*Exercise data*:
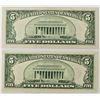 Image 2 : TWO 1934-D $5.00 FEDERAL RESERVE NOTES:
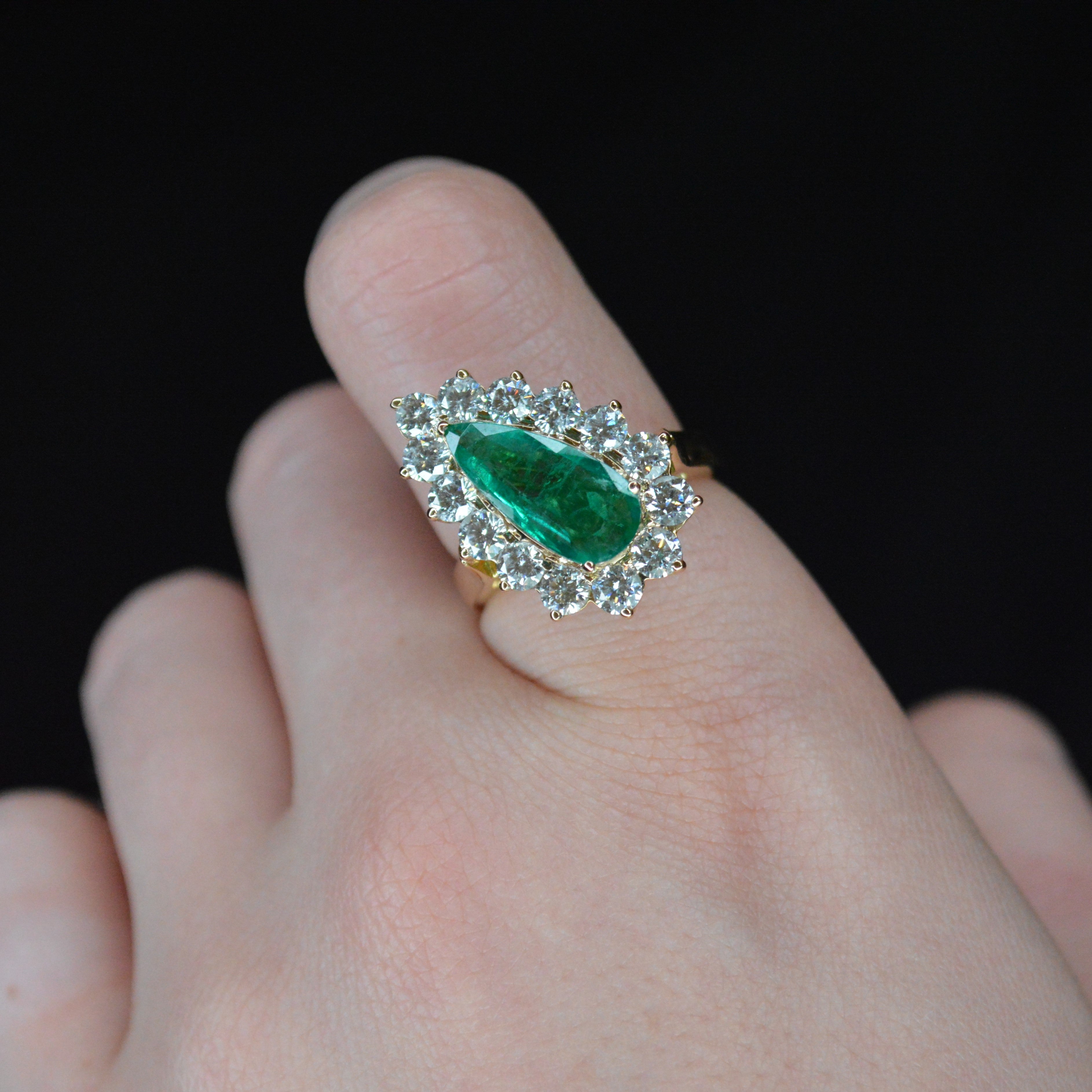 4.92ct Diamond Emerald 18K Gold Pear Cut Halo Ring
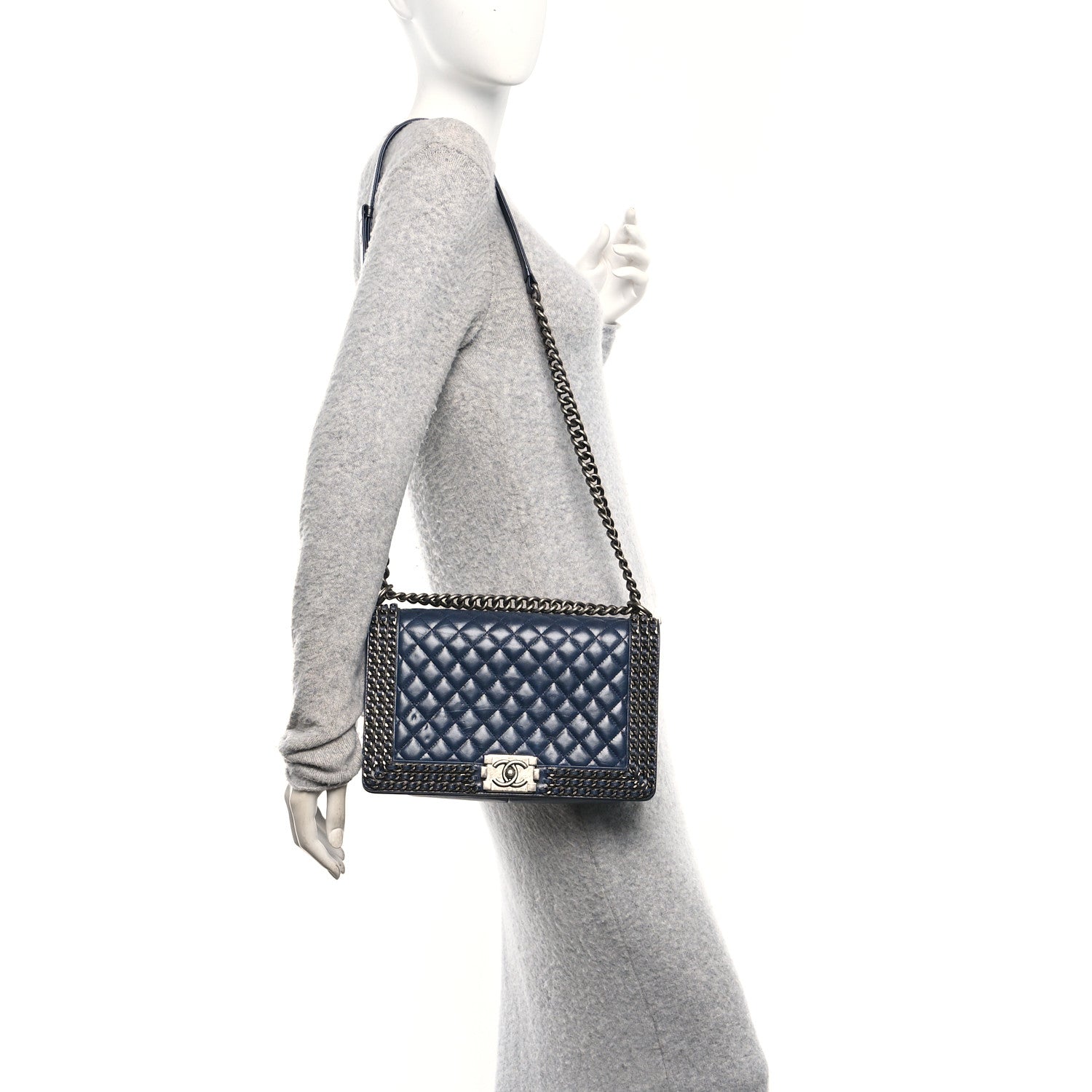 Chanel Glazed Calfskin Quilted New Medium Boy Chained Flap Navy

*Goal of the exercise*:
The expected answer is the listing above, duplicated exactly, with its pictures removed.

*Completed exercise*:
 Image 2 : TWO 1934-D $5.00 FEDERAL RESERVE NOTES:
 4.92ct Diamond Emerald 18K Gold Pear Cut Halo Ring
 Chanel Glazed Calfskin Quilted New Medium Boy Chained Flap Navy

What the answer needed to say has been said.